だからこそ、休息日で父さんが家にいる時間が大好きだった。彼と過ごす時間だけが、唯一『寂しい』という感情に蓋をしなくても済む時間だったんだ。
そんな存在だったからこそ、父さんに近付きたくて。少しでも父さんに近づけたら、じいさまもオレを避けないでくれるんじゃないかと期待して。この頃のオレは、事ある毎に彼に稽古をせがんでいた。
そんなオレに、聖都から帰ったばかりの父さんは、疲れた表情で言った。
「おい、ルイス。オレが久々の休暇だとわかってて言ってるのか?」
「だって、こんなときじゃないと、なかなか稽古つけてもらえないし」
成長したとは言え、記憶のほとんどを失い、閉鎖空間で育ったオレに『相手の都合を慮る』なんて器量はなかった。今思えば、本当に自分の事しか考えていない子供だったと思う。それでも、父さんはいつだって苦笑を浮かべて――。
「全く、仕方ないな。少しだけだぞ?」
「やった!」
何だかんだ言いながらも、オレに稽古をつけてくれて、付き合ってくれた。だから、甘えてたんだろう。
「踏み込みが甘い!」
「……っ! ならこうだっ!」
「隙だらけだ」
「いっ!」
父さんの振り下ろした木剣が、脳天を殴る。容赦はだいぶされていた方だが、当時はそう思えなかった痛みに、オレは涙目で頭を押さえて言った。
「何も本気で殴らなくても……」
「剣はどういう理由であれ、人を傷付ける武器だ。ただの真似事や遊びで手を出していいものじゃない。痛いのが嫌なら、剣術なんてやめておいた方がいい」
告げられた言葉に、横っ面を殴られたようにオレが立ち尽くす。
「なんだよ、それ……」
動機は確かに不順だった。単純に認められたくて頑張っていただけで、明確な目的があった訳じゃない。けれど、その時間と努力だけが支えだったオレにとって、全否定されたように錯覚する程には衝撃的な言葉だった。
「オレだって、中途半端な気持ちでやってるわけじゃない!!」
「ルイス……!」
癇癪を起こしたオレが、父さんの呼び声を振り切り、当てもなく走ってその場を去る。滅茶苦茶に走って、人気のない廊下の片隅に隠れるように座り込む。チラッと来た道を見るも、誰かが追ってくることも、咎めることもない。
その事実に、手にしたままの木剣を抱きしめて呟いた。
「父さんのバカ野郎……。何のために学んでると思ってるんだよ」
記憶を振り返るように見ている今だから思う。
一言も父さんの跡を継げるようになりたいから特訓してると言ってないのに、この頃のオレはどうして伝わってるものだと思ったのだろう? 伝えてもいないことを察するなど、ただでさえ一緒に過ごせる時間だって少ないのに無理だし、八つ当たりだったなと思う。

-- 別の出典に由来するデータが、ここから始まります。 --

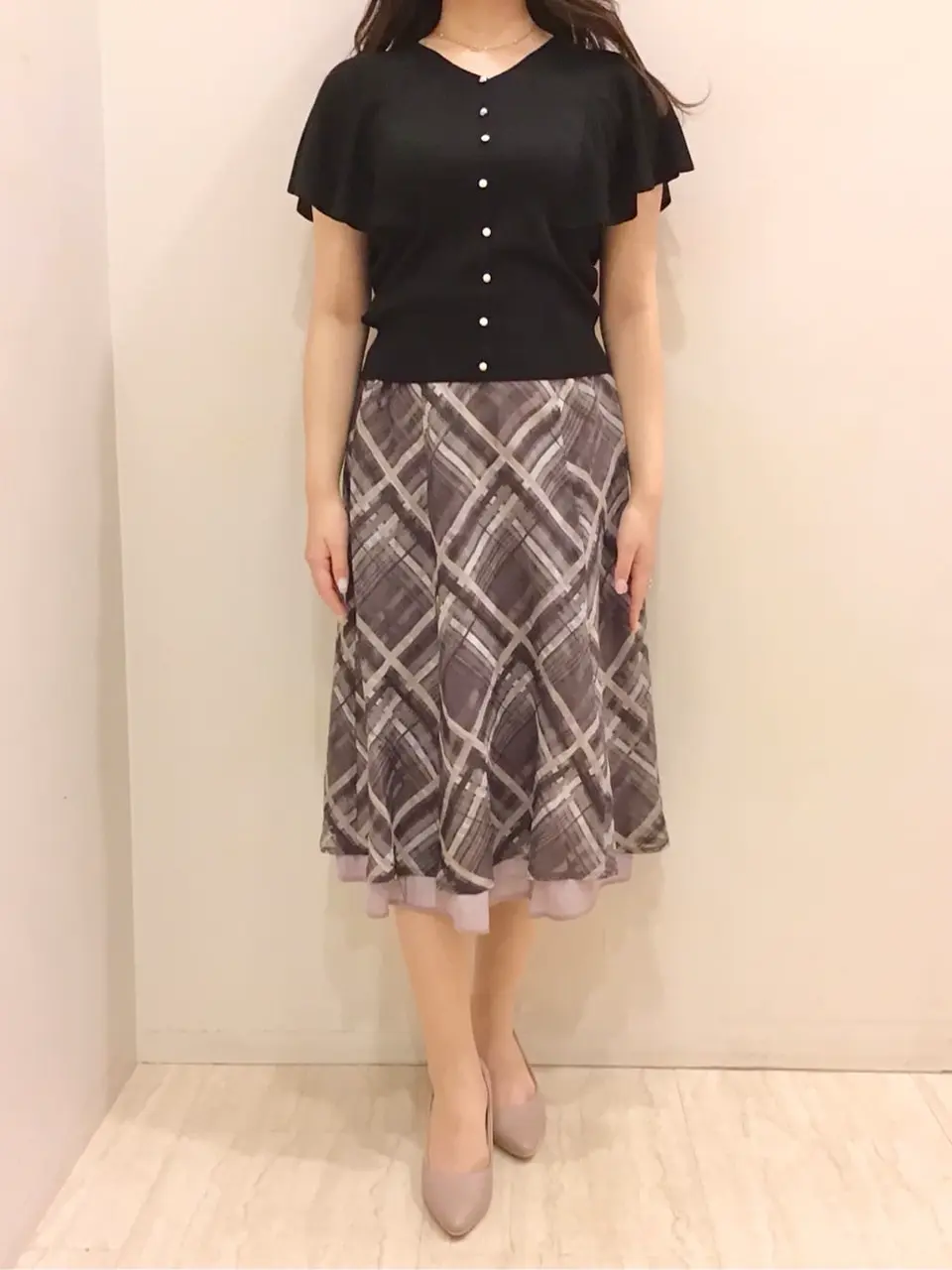 ANY SIS スタッフ コーディネート画像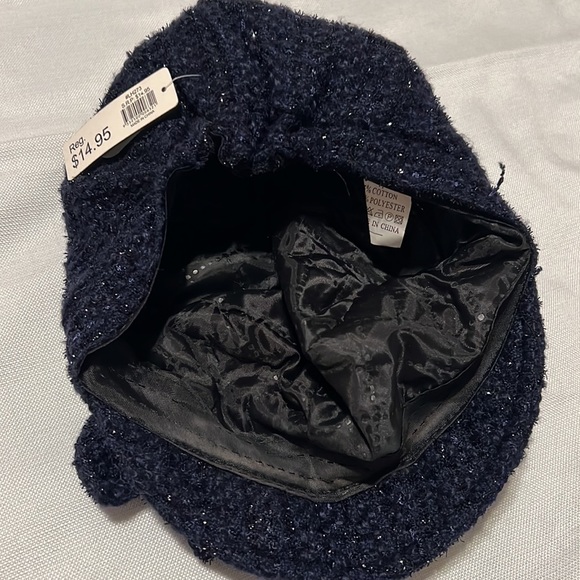 Shiny Hat - Picture 3 of 5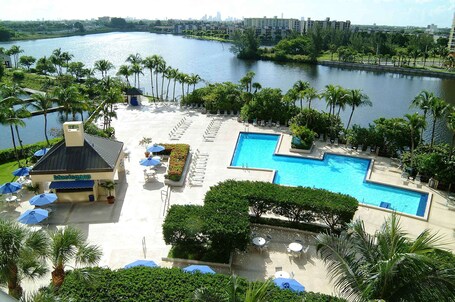 Hilton Miami Airport Blue Lagoon - Image 29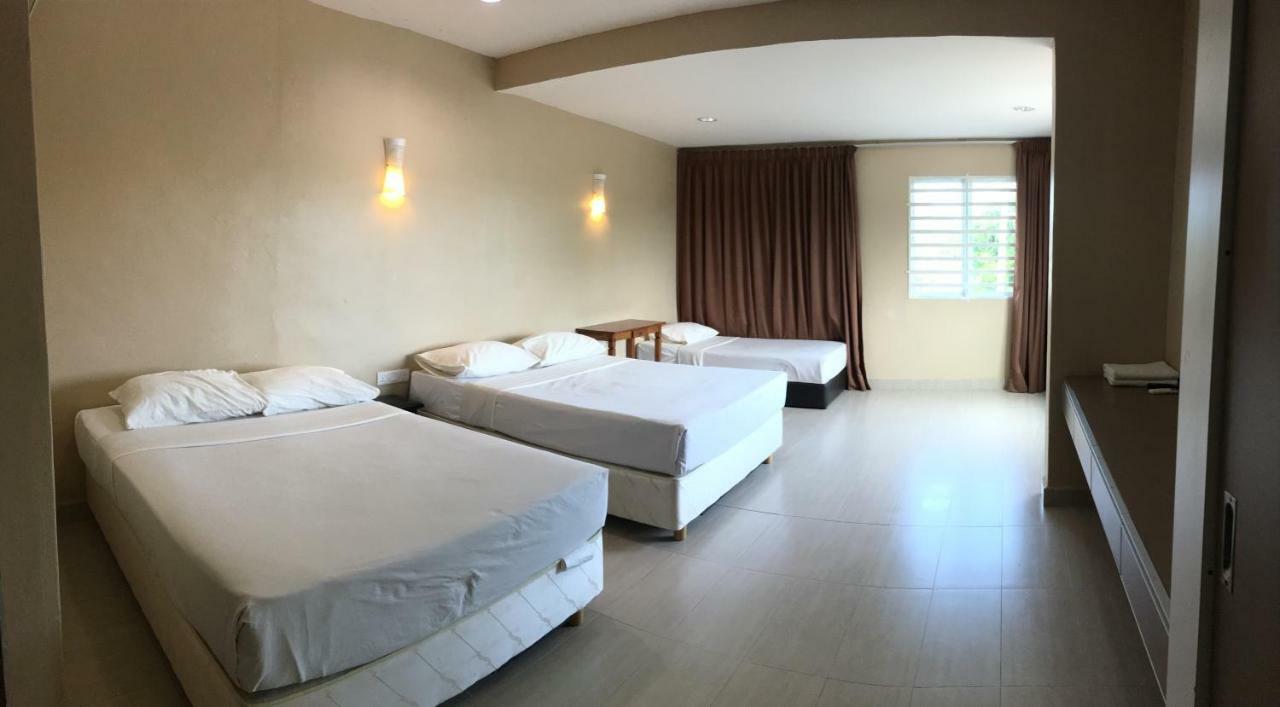 YK Homestay Kuantan Luaran gambar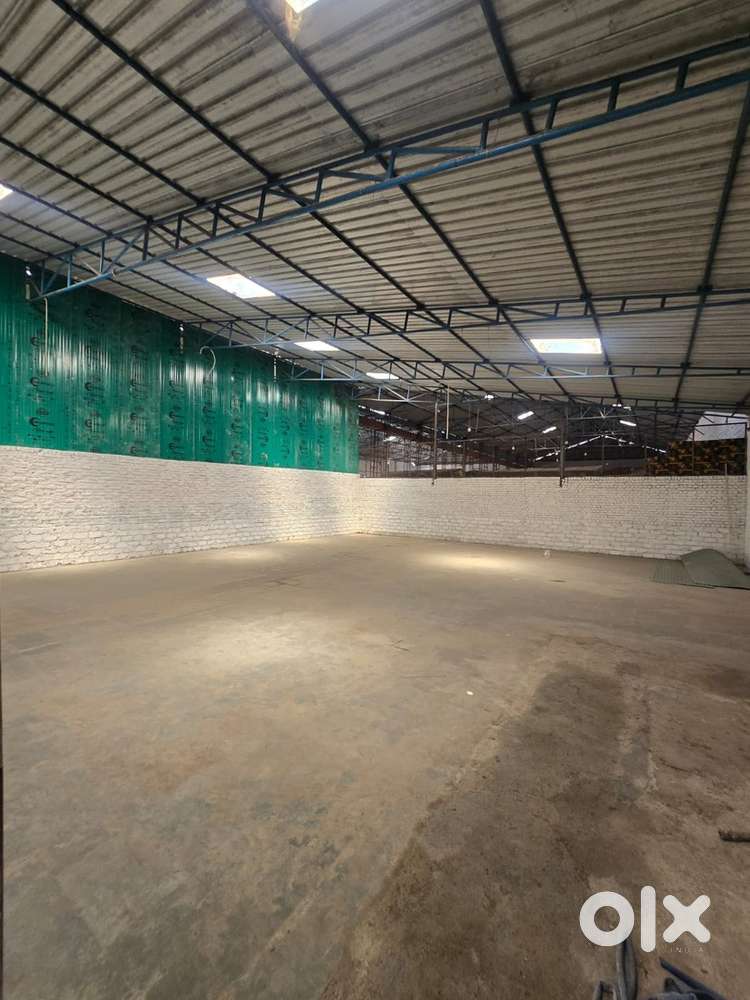 this is 2700 sqft gowdown avilable for rent in kunvavala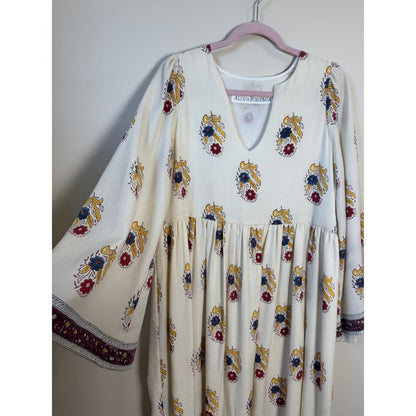 ALIX OF BOHEMIA Cream Floral Print Long Sleeve Maxi Dress Size M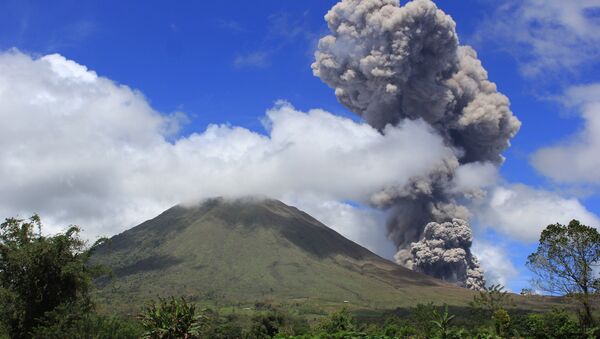 The Lokon volcano spewing hot smoke in the air. - Sputnik International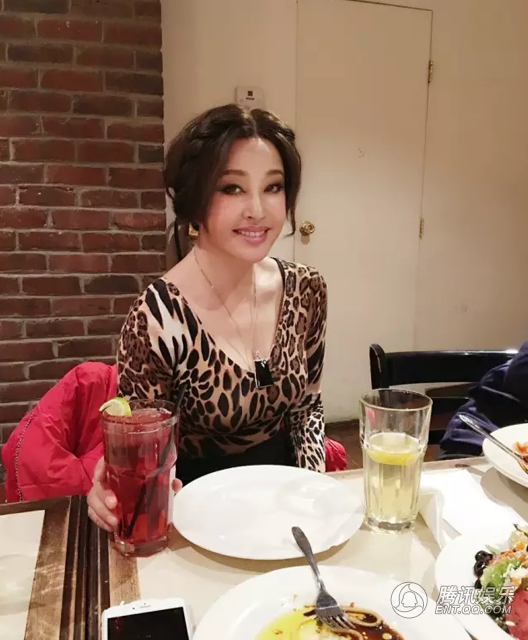 Kinh ngạc trước vẻ ngoài trẻ trung của mỹ nhân 65 tuổi Lưu Hiểu Khánh - 9
Sau khi kết hôn vào năm 2013, Lưu Hiểu Khánh càng thêm trẻ trung và xinh đẹp. Bà hiện còn kinh doanh trong lĩnh vực spa chăm sóc sắc đẹp.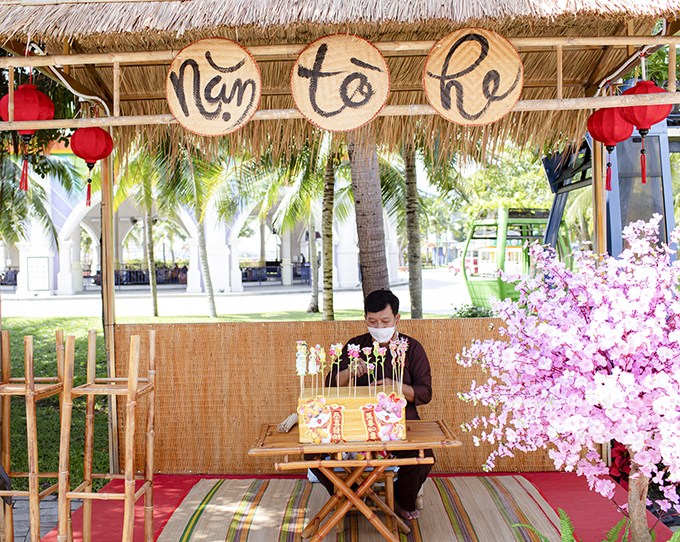 An artisan making “to he”, Vietnam’s traditional edible toys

そんな未熟なオレが、ささくれ立った様子で漸く周囲を見回せば、少し離れた場所に一つの扉があった。
「あれ、この部屋……」
普段は鍵をかけられている開かずの扉が、オレを招くかのようにほんの僅かに開いていた。
――ルイス様。このお部屋は、旦那様方の許可なく入ってはなりません。いいですね?
口酸っぱく言っていた侍従長の言葉が過るものの、やさぐれていたオレにそれを守る気はなかった。
「開けてる方が悪いんだし、いいよな、ちょっとくらい」
そうして、周囲の人の気配を確認して、そーっと部屋を覗いてサッと身体を滑り込ませる。一体、どんなお宝があるんだろう、と思ったオレの前に広がったのは、宝の山ではなかった。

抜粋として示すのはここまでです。